Implementation and Resource Efficiency
LumosGen is trained from scratch on 60M images and 10M videos using only 48 GPUs, a notably modest resource footprint compared to contemporary large-scale video models. The implementation incorporates:
- Flash Attention for memory-efficient training and inference.
- Chunked Cross-Entropy Loss to handle the large codebook size without exceeding GPU memory limits.
- Stage-Wise Training: Initial text-to-image training is followed by joint image-video training, progressively increasing resolution and complexity.
Empirical Results
LumosGen achieves competitive or superior results on standard benchmarks:
- GenEval (Text-to-Image): Outperforms diffusion models of similar size and matches the performance of larger autoregressive models such as EMU3, particularly excelling in position and attribute binding metrics.
- VBench-I2V (Image-to-Video): Matches the performance of COSMOS-Video2World, despite using an order of magnitude less data and compute.
- VBench-T2V (Text-to-Video): Comparable to OpenSoraPlan and EMU3, with strong object-centric and color consistency metrics.
Qualitative comparisons show that LumosGen produces videos with natural motion, prompt fidelity, and multi-object coherence, often surpassing both diffusion and autoregressive baselines in visual alignment and temporal stability.
Implications and Future Directions
Practical Implications:
- Unified Multimodal Generation: The architectural minimalism and unified codebook facilitate deployment in scenarios requiring both language and visual generation, reducing the need for separate models or external text encoders.
- Resource Efficiency: The ability to train high-performing video generators on modest hardware democratizes access to advanced generative models.
- Flexible Aspect Ratio Support: The model's robustness to varying aspect ratios broadens its applicability in real-world multimedia applications.
Theoretical Implications:
- Position Encoding in Multimodal Transformers: MM-RoPE provides a principled approach to balancing frequency spectra across modalities and dimensions, which may inform future work in multimodal and spatiotemporal transformers.
- Training Dynamics for Autoregressive Video Models: AR-DF highlights the importance of aligning training and inference masking strategies to prevent shortcut learning and ensure genuine temporal modeling.
Future Developments:
- Scaling Data and Model Size: The authors note that further scaling of data and model capacity is likely to yield additional gains, particularly in complex action and scene understanding.
- Multimodal Knowledge Infusion: Integrating pretrained vision-LLMs or co-training with understanding tasks could enhance grounding and generalization.
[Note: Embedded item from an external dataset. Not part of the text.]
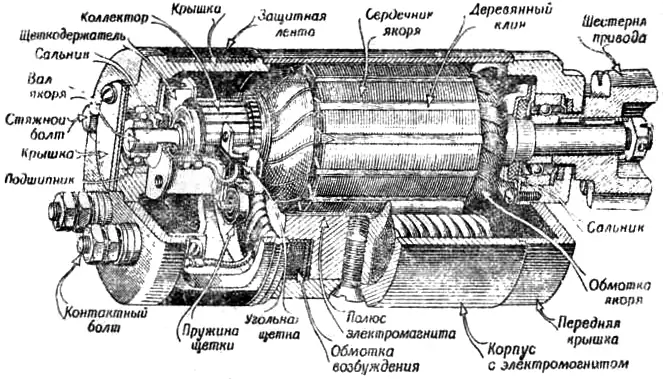 Устройство генератора Г-11 мотоцикла М-72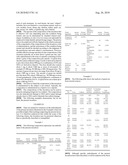 THERAPEUTIC COMPOSITION COMPRISING OMEGA-3 POLYUNSATURATED FATTY ACID OR DERIVATIVE THEREOF, RESVERATROL AND GREEN TEA diagram and image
- Alignment and Safety: As with all generative models, alignment tuning and robust filtering mechanisms will be necessary for responsible deployment.
Conclusion
LumosGen demonstrates that autoregressive video generation can be effectively realized within the LLM paradigm, provided that spatiotemporal position encoding and training dynamics are carefully addressed. The proposed MM-RoPE and AR-DF mechanisms are both theoretically motivated and empirically validated, offering a practical blueprint for unified, efficient, and high-quality multimodal generative models. The work sets a new standard for resource-efficient, scalable video generation and opens avenues for further research in unified multimodal modeling.